The Null Device

Ireland votes Yes

The other big news this weekend, of course, Ireland voting in favour of legalising same-sex marriage. The margin (62%) was decisive enough, even without taking into account the fact that only one of Ireland's 43 parliamentary constituencies reported a majority against. The case is pretty much settled; even senior Catholic clergy have conceded that history was on the side of the change.

This result shows how much has changed in Ireland over the past few decades, and in particular, how much the influence of the Catholic Church, which once controlled all aspects of life in the republic, has waned. It has only been 22 years since homosexuality itself stopped being a crime in Ireland, and a decade or so longer since divorce became legal. Of course, the Church Holy Roman and Apostolic's influence still weighs heavily in one conspicuous area: abortion remains strictly illegal in Ireland, with several referenda in the past decades failing to reverse this. It is, to say the least, not at all clear that this would be repeated in any future referendum. (On the other hand, the experience in the US has shown that it is possible for a liberalisation in gay rights to occur alongside a rolling back of womens' reproductive rights, so legalised abortion in Ireland is by no means inevitable.)

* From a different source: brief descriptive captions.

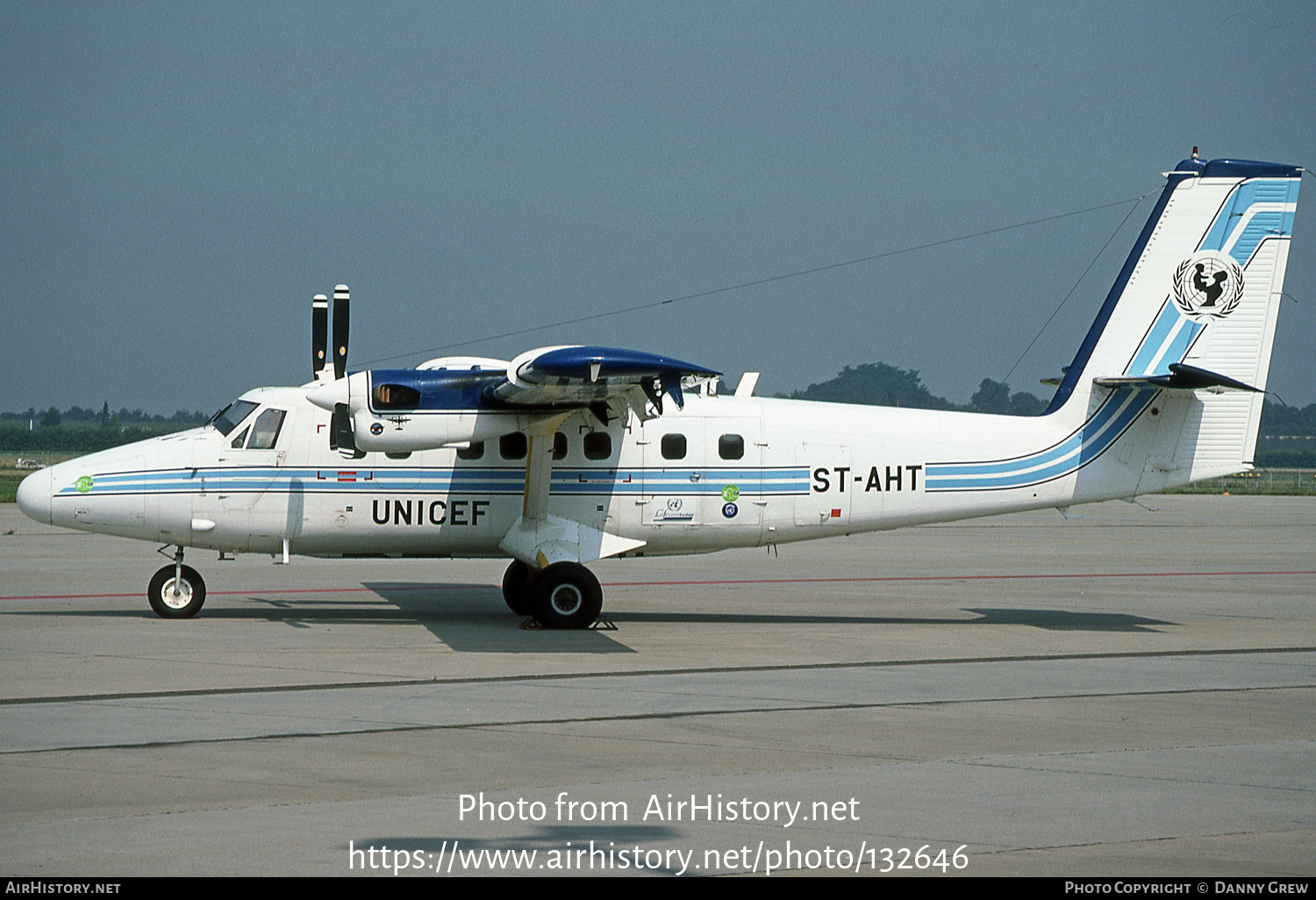 Aircraft Photo of ST-AHT | De Havilland Canada DHC-6-300 Twin Otter | UNICEF | AirHistory.net #132646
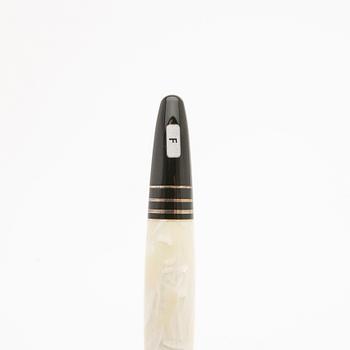 Montblanc, fountain pen, Writer's Edition, “F. Scott Fitzgerald”, Germany, 2002.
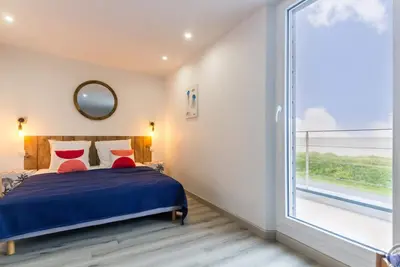 Image de Maison en bord de mer avec balcon, parking et WiFi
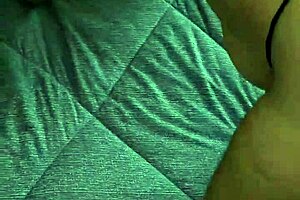 Mi madrastra madura infiel hablando con mi padre mientras me la follo en doggystyle al aire libre. La latina bbw con big ass y natural tits gime en su primera vez lamiendo culo.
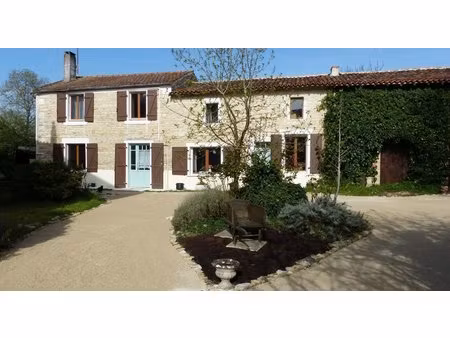 spacieuse maison de village avec grand jardin et parking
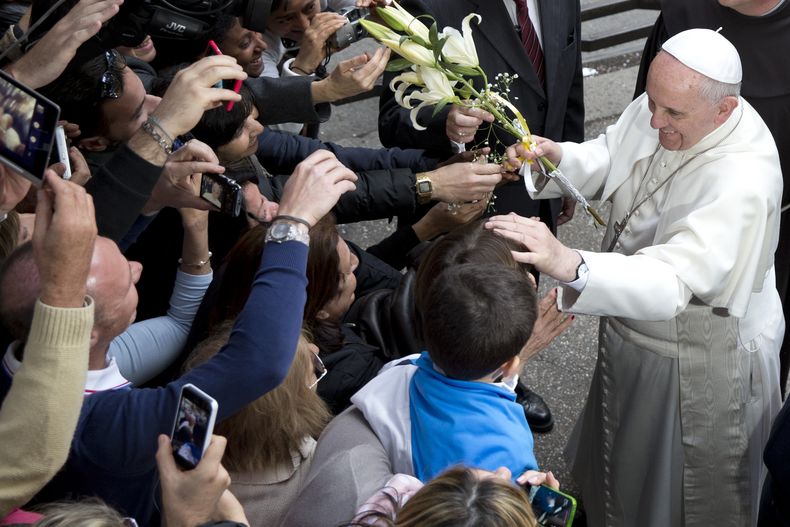 El papa Francisco es saludado por los fieles al llegar a un encuentro con familiares de v&iacute;ctimas de la mafia en la Iglesia San Gregorio VIII el viernes 21 de marzo del 2014. (AP Foto/Andrew Medichini)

The decision's impact will spread beyond the Irish Republic; calls for reform in Northern Ireland, the only part of the United Kingdom where same-sex marriage is illegal, are likely to be strengthened (though still face an uphill battle, with the conservative Democratic Unionist Party coming increasingly under evangelical Protestant influence. Considerably further afield, Australia is another place where this may have an impact. Australians famously like their politicians to be more conservative and moralistic than they themselves are, which has been reflected, as recently as a few years ago, in both major parties being against same-sex marriage. The vein of religious conservatism that animates this opposition, meanwhile, stems largely from Irish Catholic conservatism (the Prime Minister, Tony Abbott, is an conservative Catholic whose political views stem largely from the ultra-conservative, Democratic Labor Party, which emerged when the Catholic elements in the ALP left, citing creeping Communist influence in the party); while it is possible that Australia will remain as a sort of Galapagos of the Irish Catholic Right circa 1950, preserving this otherwise extinct culture in the way that a 19th-century dialect of English remains alive on the South Atlantic island of Tristan da Cunha, the fall of the Old Sod to secular modernity could have an effect.